Start of Data listing

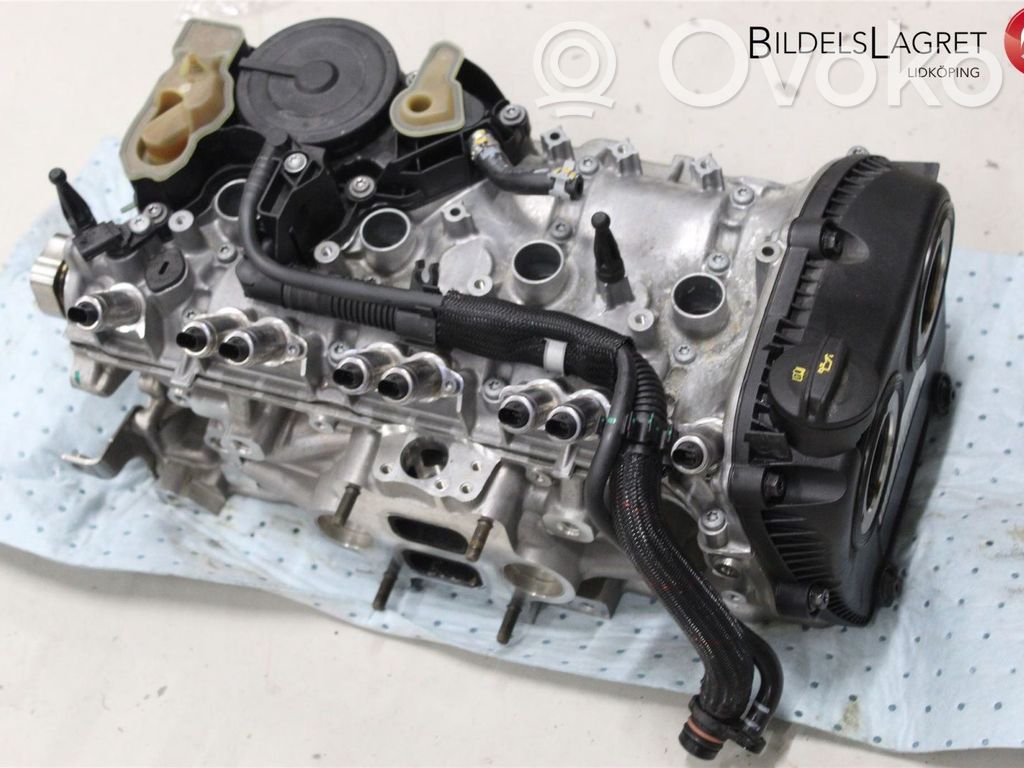Galvutė   06K103063CL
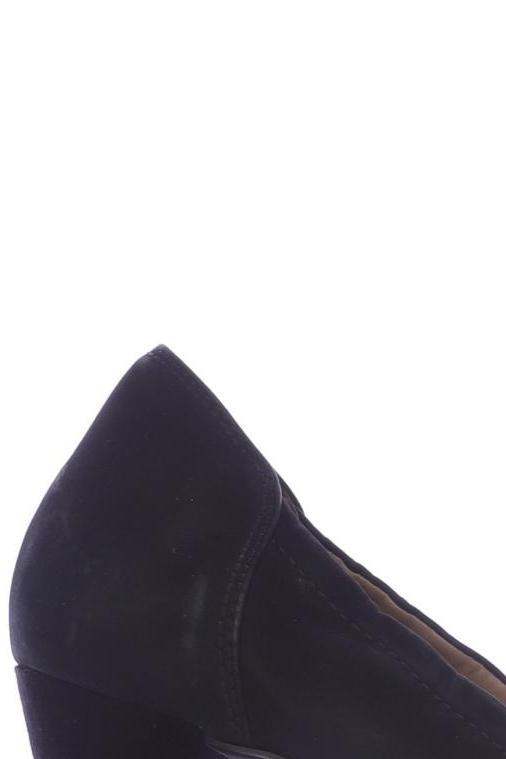 hogl-damen-pumps-schwarz-57ae5be1-8028-44ab-911a-94df56fb9db4-image-1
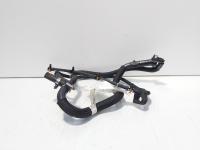 Rampa retur injector, Bmw 3 (E90), 2.0 diesel, N47D20C (id:701218)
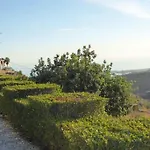 La Casona Mediterranea With Private Pool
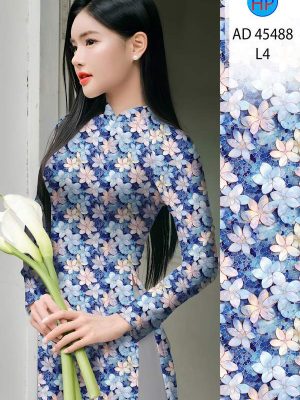 1757993091 927 vai ao dai hoa deu ad 45488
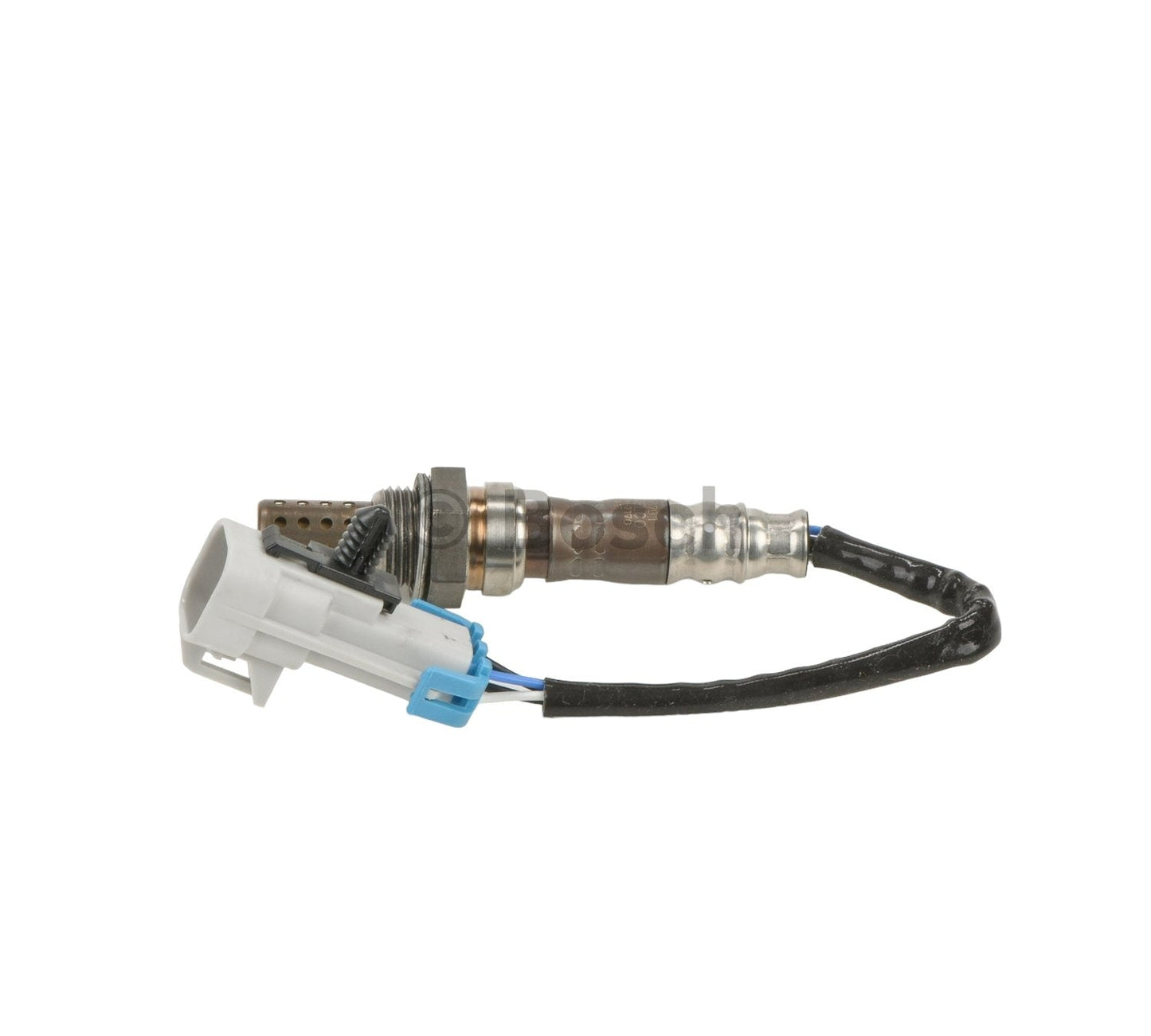 Bosch 15161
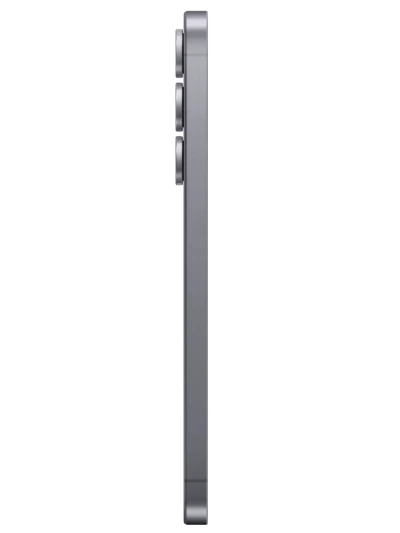 Samsung Galaxy S25 FE 8/256 ГБ Синий (Global Version, сборка Вьетнам)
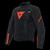 Dainese Smart Jacket dai201D20040-628-52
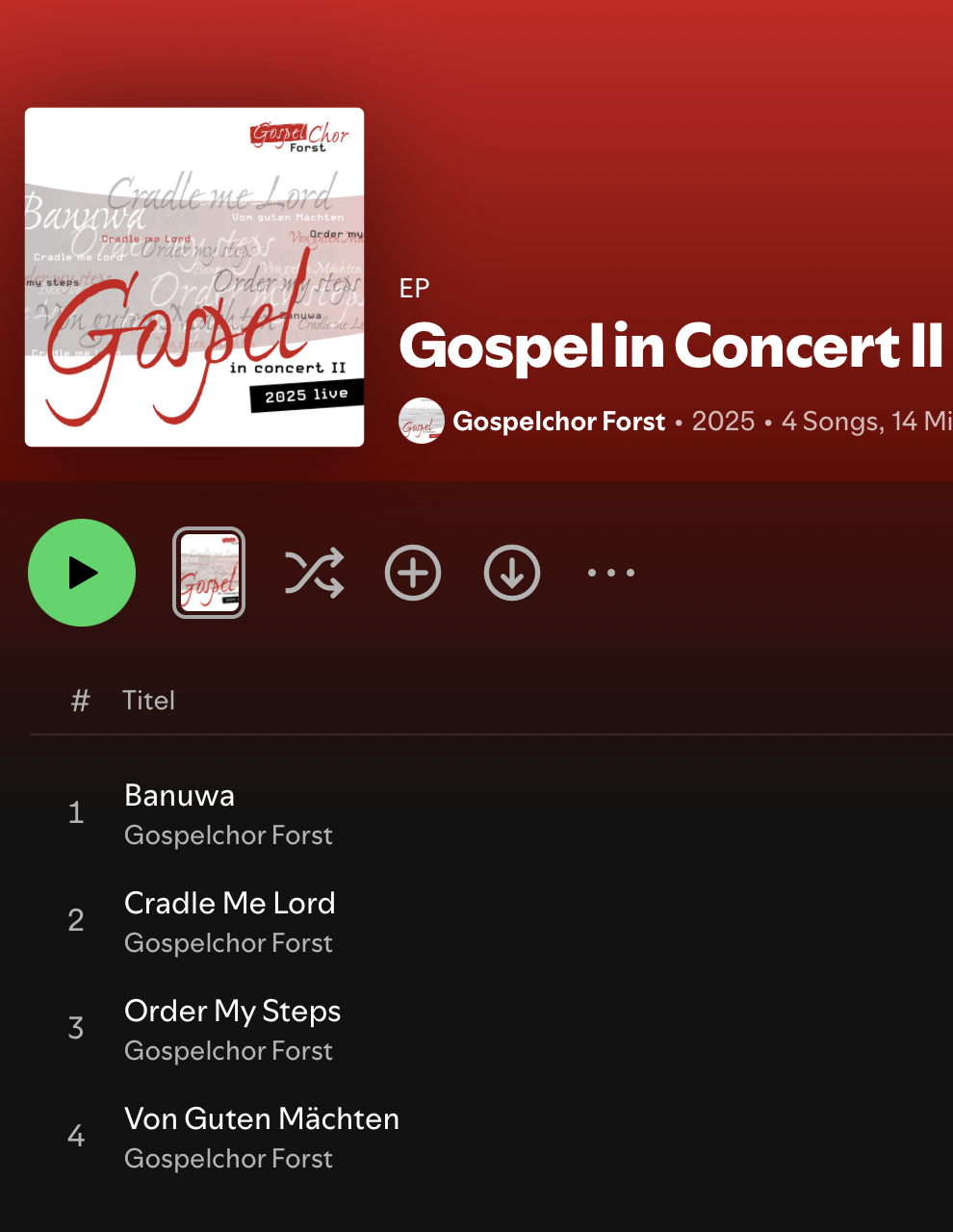 Bildschirmfoto 2025-12-11 um 14.18.38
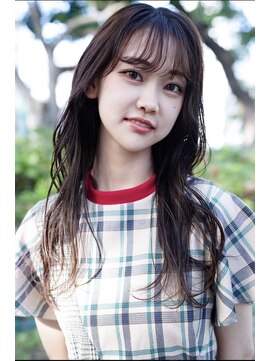 シック(Chic) NEWオルチャンレイヤー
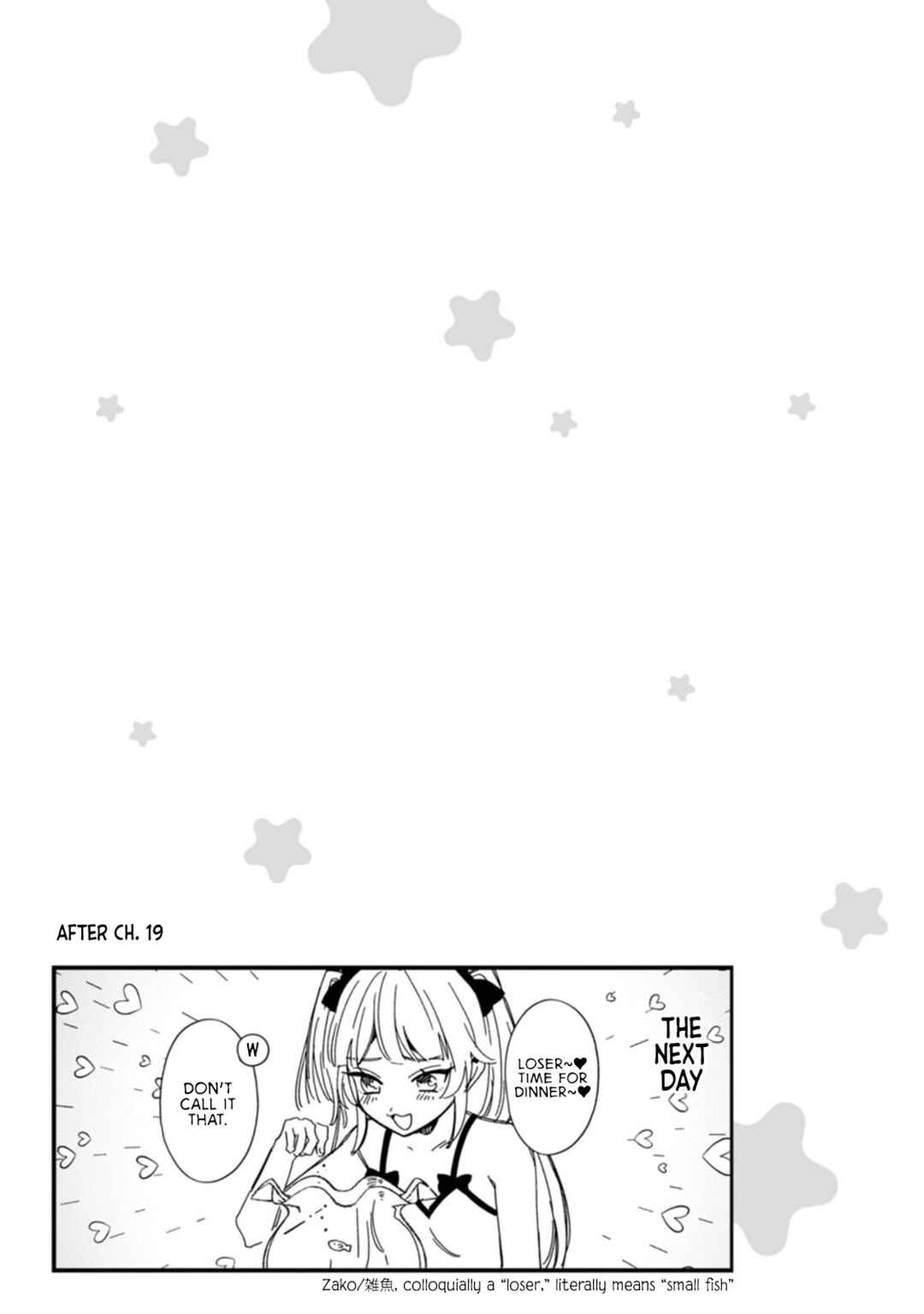 Chapter 19.5 - Page 6
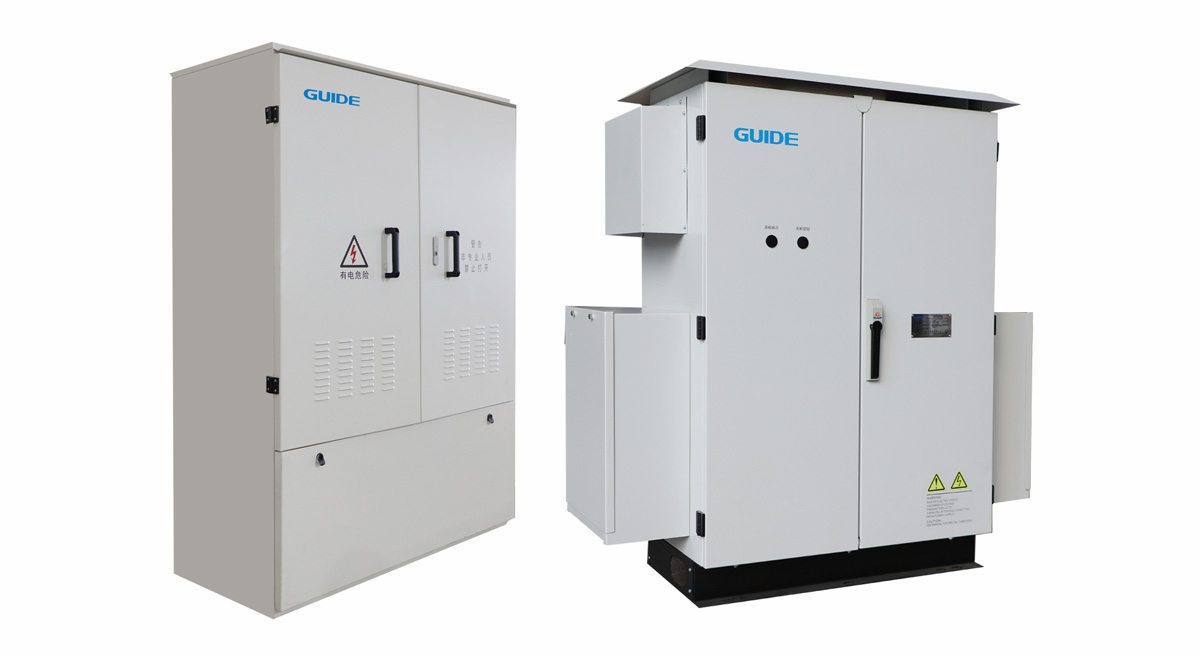 78m威九国际(集团)中国区有限公司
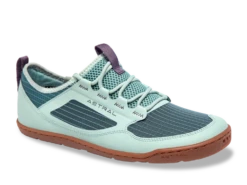 Astral Loyak AC - Men's -River Sports Shop Loyak AC M seaglass green angle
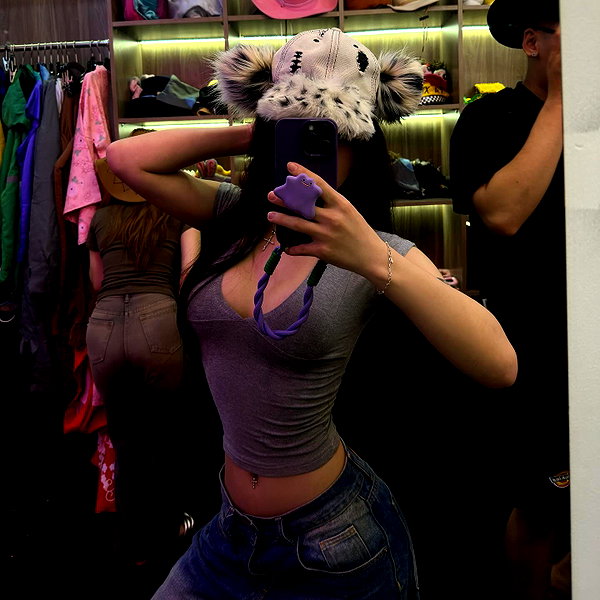 bbydannn instagram image archive image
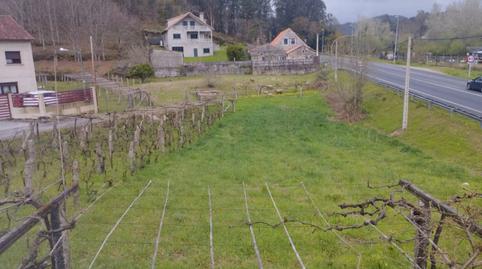 Photo 2 of Country house for sale in Vilanova de Arousa, Pontevedra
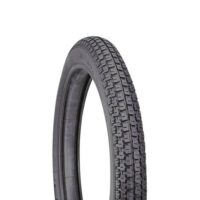 PNEU MOTO 225X18 DURO HF322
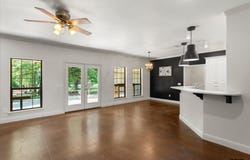100 CR 4426, Mount Pleasant, TX 75455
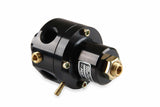 Mallory 29389 Adjustable Fuel Pressure Regulator for EFI Mallory mallory-29389-adjustable-fuel-pressure-regulator-for-efi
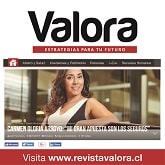 Revista Valora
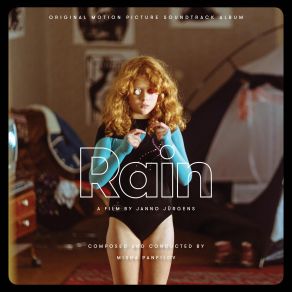 Download track Rain (Full Stop) Misha Panfilov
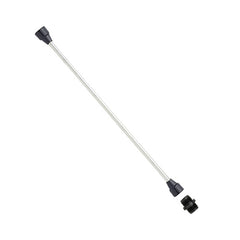 EHI - 50cm Aluminium Extension For Lance | G1805200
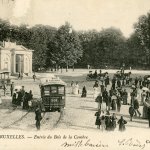 03.BRUXELLES, bois de la Cambre-22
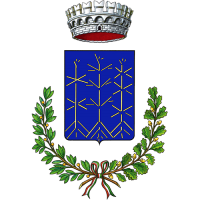 Comune Feroleto Della Chiesa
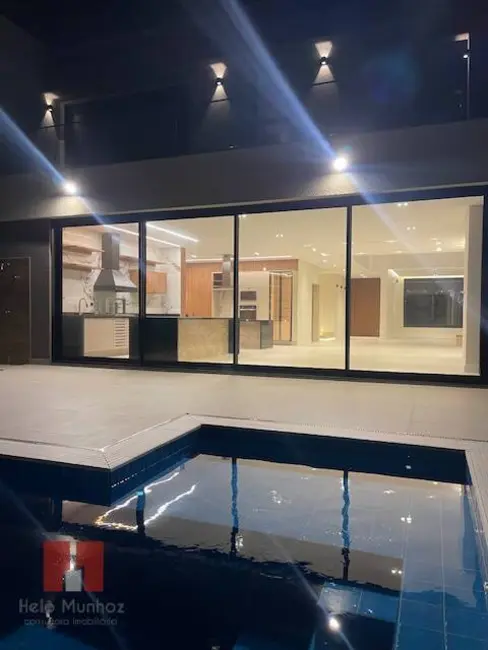 Foto 3 de Casa com 3 quartos à venda, 536m2 em Alphaville, Santana De Parnaiba - SP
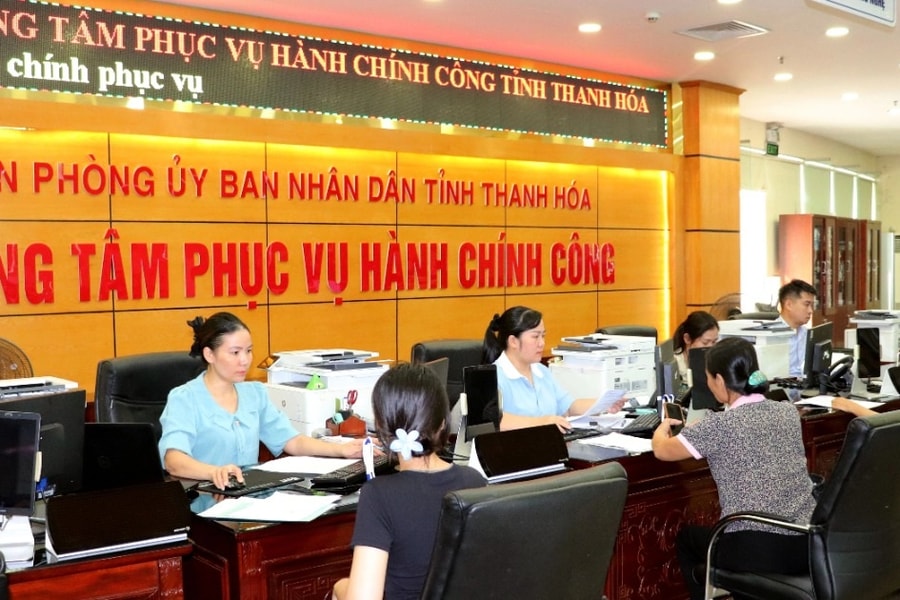 Áp "làn xanh" ưu tiên việc cấp phép, gia hạn giấy phép với lao động ngoại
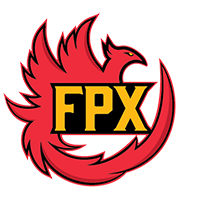 《LOL》2019德瑪西亞杯FPX戰(zhàn)隊(duì)介紹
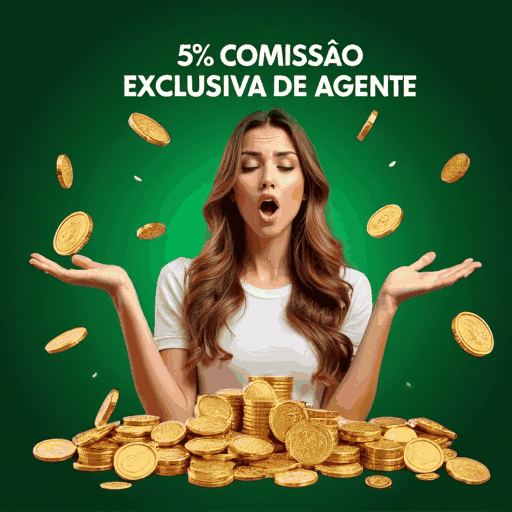 971bet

End of Data listing

__Your goal__:
Nothing should appear in the answer except the lines from the one containing "Download track Rain" through the last line of the listing, given again exactly and with no pictures.

__Result for this exercise__:
 Download track Rain (Full Stop) Misha Panfilov
 EHI - 50cm Aluminium Extension For Lance | G1805200
 03.BRUXELLES, bois de la Cambre-22
 Comune Feroleto Della Chiesa
 Foto 3 de Casa com 3 quartos à venda, 536m2 em Alphaville, Santana De Parnaiba - SP
 Áp "làn xanh" ưu tiên việc cấp phép, gia hạn giấy phép với lao động ngoại
 《LOL》2019德瑪西亞杯FPX戰(zhàn)隊(duì)介紹
 971bet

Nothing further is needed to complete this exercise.